Saturday, October 25, 2014

An Actor on the Verge: BIRDMAN OR (THE UNEXPECTED VIRTUE OF IGNORANCE)


At the corner of anxious depression and artistic frustration is Alejandro González Iñárritu’s Birdman or (The Unexpected Virtue of Ignorance), an emotionally and physically claustrophobic backstage comedy of sorts. It stars Michael Keaton as an actor on the verge of a nervous breakdown. He plays Riggan Thomson, an actor whose stardom peaked two decades ago with his role as Birdman in a series of superhero movies and now sees his mental state rapidly deteriorating as his passion project comeback – writing, directing, and starring in a Broadway play based on a Carver story – nears opening night. If the first part of the conceit sounds a lot like Keaton, who two decades ago left the Batman series and is now in what’s being touted as a “comeback role,” lets hope his psyche’s in a better state.

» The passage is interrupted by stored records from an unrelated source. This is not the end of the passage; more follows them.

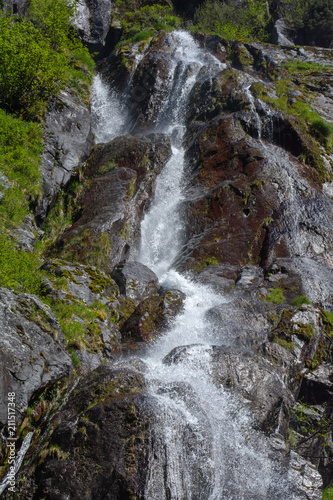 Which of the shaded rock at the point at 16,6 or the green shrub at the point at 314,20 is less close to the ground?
the green shrub at the point at 314,20

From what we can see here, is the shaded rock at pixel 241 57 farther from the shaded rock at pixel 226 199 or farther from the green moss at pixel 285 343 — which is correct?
the green moss at pixel 285 343

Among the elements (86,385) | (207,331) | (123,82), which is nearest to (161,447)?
(86,385)

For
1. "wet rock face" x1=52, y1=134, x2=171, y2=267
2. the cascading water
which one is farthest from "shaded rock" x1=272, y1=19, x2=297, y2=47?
the cascading water

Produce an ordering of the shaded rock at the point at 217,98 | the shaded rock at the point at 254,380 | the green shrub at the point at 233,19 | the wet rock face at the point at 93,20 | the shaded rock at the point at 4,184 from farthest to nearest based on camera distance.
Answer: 1. the green shrub at the point at 233,19
2. the wet rock face at the point at 93,20
3. the shaded rock at the point at 217,98
4. the shaded rock at the point at 4,184
5. the shaded rock at the point at 254,380

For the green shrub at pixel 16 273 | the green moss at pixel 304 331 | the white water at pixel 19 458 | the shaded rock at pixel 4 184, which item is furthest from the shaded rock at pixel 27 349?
the green moss at pixel 304 331

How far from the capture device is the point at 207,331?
10.8 meters

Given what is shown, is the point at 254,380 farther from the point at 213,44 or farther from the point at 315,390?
the point at 213,44

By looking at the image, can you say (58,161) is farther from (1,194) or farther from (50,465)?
(50,465)

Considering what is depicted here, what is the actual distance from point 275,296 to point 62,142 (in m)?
10.3

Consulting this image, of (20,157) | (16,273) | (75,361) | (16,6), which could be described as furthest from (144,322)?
(16,6)

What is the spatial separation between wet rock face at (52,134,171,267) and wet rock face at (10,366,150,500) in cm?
692

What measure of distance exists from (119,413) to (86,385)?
1.24 m

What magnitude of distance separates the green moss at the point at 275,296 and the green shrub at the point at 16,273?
6.67 m

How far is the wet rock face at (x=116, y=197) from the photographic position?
13.6m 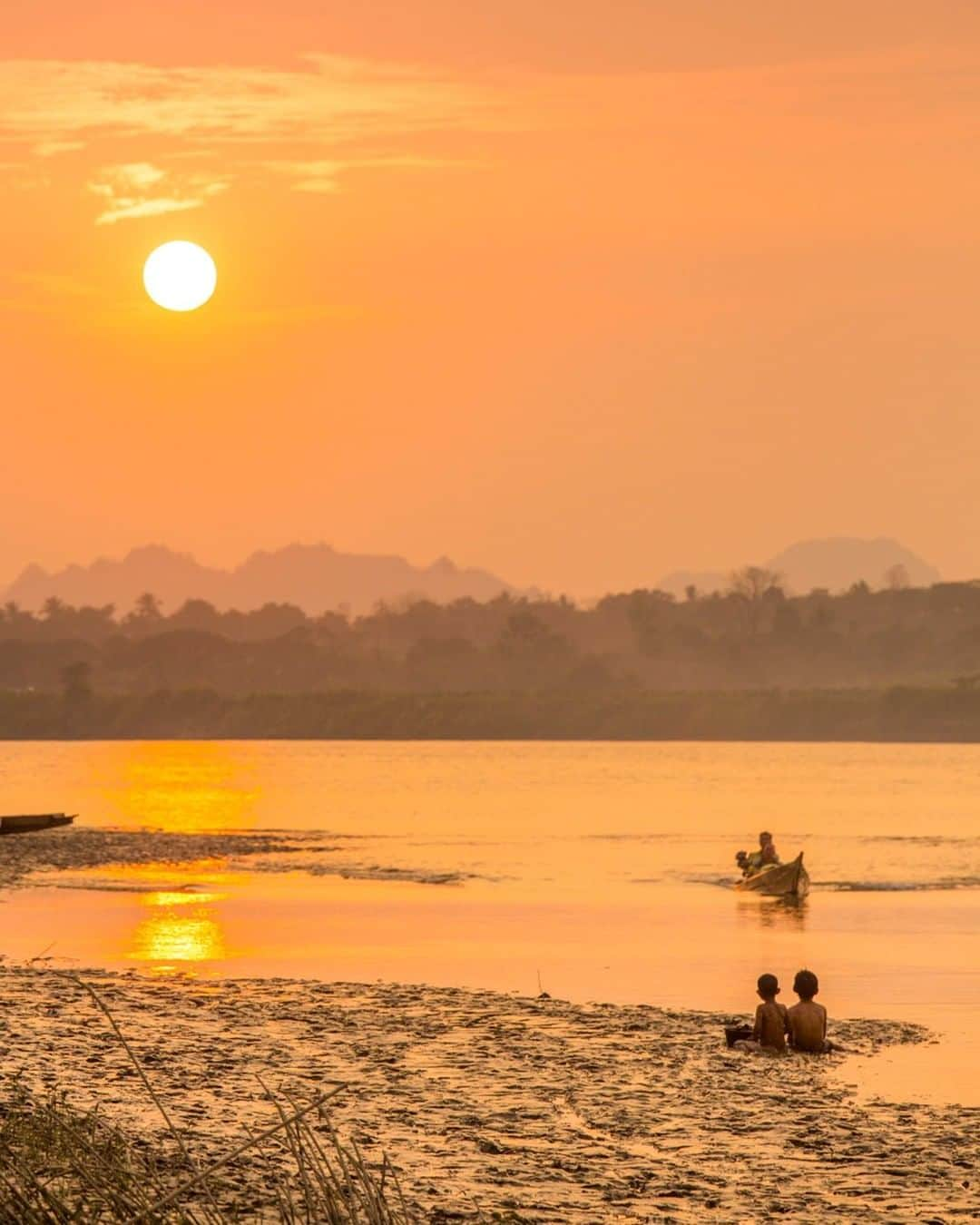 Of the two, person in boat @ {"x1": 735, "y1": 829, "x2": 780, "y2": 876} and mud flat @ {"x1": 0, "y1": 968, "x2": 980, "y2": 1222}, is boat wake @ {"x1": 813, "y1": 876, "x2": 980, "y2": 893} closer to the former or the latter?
person in boat @ {"x1": 735, "y1": 829, "x2": 780, "y2": 876}

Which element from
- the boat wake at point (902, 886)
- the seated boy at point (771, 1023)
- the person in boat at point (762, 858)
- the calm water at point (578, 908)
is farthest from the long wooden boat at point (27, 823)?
the seated boy at point (771, 1023)

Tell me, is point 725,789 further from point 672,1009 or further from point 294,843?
point 672,1009

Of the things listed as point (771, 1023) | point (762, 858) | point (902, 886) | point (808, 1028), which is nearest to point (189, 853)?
point (762, 858)

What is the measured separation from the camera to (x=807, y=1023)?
21266 millimetres

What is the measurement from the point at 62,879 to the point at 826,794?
72763 millimetres

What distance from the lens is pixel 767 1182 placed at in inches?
597

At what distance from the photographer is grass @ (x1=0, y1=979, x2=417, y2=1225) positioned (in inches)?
381

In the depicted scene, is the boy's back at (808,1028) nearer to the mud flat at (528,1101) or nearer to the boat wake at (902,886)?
the mud flat at (528,1101)

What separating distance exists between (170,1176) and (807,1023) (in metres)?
9.13

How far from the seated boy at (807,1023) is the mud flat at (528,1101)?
0.26m

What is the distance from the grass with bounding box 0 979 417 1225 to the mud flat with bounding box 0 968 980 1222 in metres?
0.19

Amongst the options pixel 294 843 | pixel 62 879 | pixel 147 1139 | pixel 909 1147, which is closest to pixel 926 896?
pixel 62 879

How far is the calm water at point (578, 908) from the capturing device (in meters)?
28.7

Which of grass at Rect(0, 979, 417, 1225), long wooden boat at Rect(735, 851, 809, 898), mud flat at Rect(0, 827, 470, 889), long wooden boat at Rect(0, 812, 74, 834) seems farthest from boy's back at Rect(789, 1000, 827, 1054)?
long wooden boat at Rect(0, 812, 74, 834) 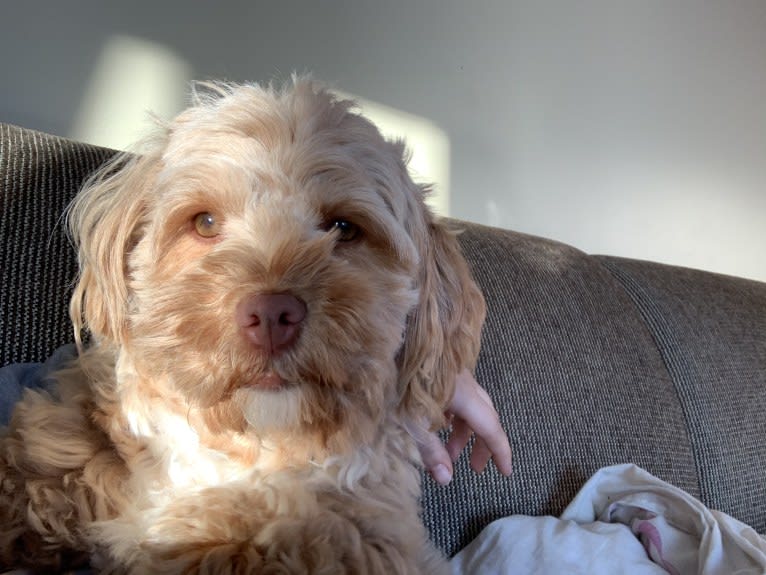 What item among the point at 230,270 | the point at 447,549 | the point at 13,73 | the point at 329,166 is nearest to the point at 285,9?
the point at 13,73

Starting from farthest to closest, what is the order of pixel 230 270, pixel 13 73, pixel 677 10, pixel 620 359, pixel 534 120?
pixel 677 10, pixel 534 120, pixel 620 359, pixel 13 73, pixel 230 270

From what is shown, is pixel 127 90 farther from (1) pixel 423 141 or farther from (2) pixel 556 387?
(2) pixel 556 387

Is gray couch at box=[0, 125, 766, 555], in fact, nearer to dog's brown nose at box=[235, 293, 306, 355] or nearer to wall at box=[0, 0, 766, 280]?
wall at box=[0, 0, 766, 280]

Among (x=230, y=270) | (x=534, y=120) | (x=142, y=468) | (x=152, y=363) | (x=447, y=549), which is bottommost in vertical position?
(x=447, y=549)

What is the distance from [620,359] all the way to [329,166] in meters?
1.12

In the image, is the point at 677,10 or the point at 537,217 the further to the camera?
the point at 677,10

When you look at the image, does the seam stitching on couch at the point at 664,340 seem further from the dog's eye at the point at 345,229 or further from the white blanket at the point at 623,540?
the dog's eye at the point at 345,229

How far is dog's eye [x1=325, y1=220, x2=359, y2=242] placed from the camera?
773mm

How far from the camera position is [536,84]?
2.06 meters

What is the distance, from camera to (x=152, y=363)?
26.6 inches

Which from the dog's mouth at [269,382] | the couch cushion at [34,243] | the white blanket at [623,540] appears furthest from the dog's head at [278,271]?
the white blanket at [623,540]

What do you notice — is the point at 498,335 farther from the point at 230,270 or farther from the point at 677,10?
the point at 677,10

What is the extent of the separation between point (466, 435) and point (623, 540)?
37 cm

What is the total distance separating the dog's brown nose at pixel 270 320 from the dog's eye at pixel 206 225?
0.18 meters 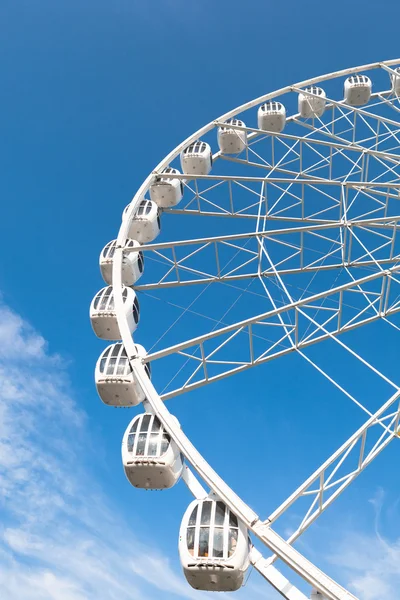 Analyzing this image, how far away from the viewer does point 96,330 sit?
48.8 ft

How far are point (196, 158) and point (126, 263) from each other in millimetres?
7607

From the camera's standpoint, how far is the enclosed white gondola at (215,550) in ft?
28.6

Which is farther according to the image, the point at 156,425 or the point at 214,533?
the point at 156,425

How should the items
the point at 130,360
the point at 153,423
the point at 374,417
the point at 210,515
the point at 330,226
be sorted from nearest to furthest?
the point at 210,515 → the point at 374,417 → the point at 153,423 → the point at 130,360 → the point at 330,226

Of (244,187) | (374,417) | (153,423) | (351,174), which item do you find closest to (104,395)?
(153,423)

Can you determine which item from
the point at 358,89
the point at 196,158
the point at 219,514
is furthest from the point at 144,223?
the point at 358,89

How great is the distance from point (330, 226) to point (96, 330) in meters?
7.80

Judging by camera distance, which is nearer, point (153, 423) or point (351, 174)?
point (153, 423)

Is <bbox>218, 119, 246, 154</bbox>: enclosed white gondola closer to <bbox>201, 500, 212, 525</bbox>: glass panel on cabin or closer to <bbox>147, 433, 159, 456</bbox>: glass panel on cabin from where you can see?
<bbox>147, 433, 159, 456</bbox>: glass panel on cabin

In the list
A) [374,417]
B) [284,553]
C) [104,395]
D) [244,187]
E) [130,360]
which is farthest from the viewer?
[244,187]

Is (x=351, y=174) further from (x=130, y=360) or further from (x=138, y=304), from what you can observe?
(x=130, y=360)

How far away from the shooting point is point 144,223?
17.8m

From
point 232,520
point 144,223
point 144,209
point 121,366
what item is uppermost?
point 144,209

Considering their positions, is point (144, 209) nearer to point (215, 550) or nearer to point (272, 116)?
point (272, 116) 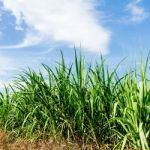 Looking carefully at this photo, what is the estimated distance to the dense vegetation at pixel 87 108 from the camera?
5609 mm

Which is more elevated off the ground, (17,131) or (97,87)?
(97,87)

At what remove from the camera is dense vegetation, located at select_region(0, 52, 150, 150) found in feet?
18.4

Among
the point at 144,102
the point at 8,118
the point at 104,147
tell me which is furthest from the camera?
the point at 8,118

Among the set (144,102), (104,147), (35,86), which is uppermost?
(35,86)

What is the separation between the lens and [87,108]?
638 centimetres

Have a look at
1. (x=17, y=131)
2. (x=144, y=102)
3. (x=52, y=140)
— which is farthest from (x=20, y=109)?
(x=144, y=102)

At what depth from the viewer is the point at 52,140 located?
260 inches

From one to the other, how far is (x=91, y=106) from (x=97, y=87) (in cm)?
30

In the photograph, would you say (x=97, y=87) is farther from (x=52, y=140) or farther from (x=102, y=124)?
(x=52, y=140)

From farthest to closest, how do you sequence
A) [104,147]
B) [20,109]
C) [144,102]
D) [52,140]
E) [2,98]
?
[2,98] < [20,109] < [52,140] < [104,147] < [144,102]

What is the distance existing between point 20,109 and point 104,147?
1653 mm

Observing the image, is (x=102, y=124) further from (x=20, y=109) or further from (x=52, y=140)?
(x=20, y=109)

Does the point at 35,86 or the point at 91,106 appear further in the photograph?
the point at 35,86

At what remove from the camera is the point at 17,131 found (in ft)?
24.1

The film floats through lengthy Steadicam takes from master cinematographer Emmanuel Lubezki edited to look (nearly) like one long fluid shot. Hardly novel, Hitchcock made one film look like one shot all the way back in 1948 with Rope. But it’s a trick so few attempt that it retains an impressive power. It’s transfixing, sliding through rehearsals and previews with smart elisions of time as the camera roams in and around this New York theater on the week leading up to the opening night. As characters zip in and out of scenes with expertly timed dialogue and blocking, I sometimes sat back from the proceedings, simply enjoying the logistical satisfaction of so many moving parts coming together. It’s a little better than a gimmick, effectively trapping the audience in the film’s headspace with no down time. The pressure is high. The walls are closing in.

Keaton, one of our finest actors when it comes to exploring the wilds between id and ego, does a terrific job holding down the increasingly mad center of the film. His character is a pitiable narcissist who has bitten off more than he can chew. He’s doing this to be relevant, to be loved, and to make art, definitely in that order. He’s frazzled, overwhelmed by the multitasking asked of a multi-hyphenate, his only solace talking to the voice hallucinating inside his head egging him on for better or usually worse. Surrounding him is a fine collection of showbiz types. There’s the exasperated producer (Zack Galifianakis), the leading ladies (Naomi Watts and Andrea Riseborough), the preening Method actor (Edward Norton), the ex-wife (Amy Ryan), a critic (Lindsay Duncan), and stagehands (including Merrit Wever). Best is Emma Stone as Keaton’s ex-addict daughter working as his assistant, a non-showbiz voice in rooms of people rapidly disappearing up their own egos.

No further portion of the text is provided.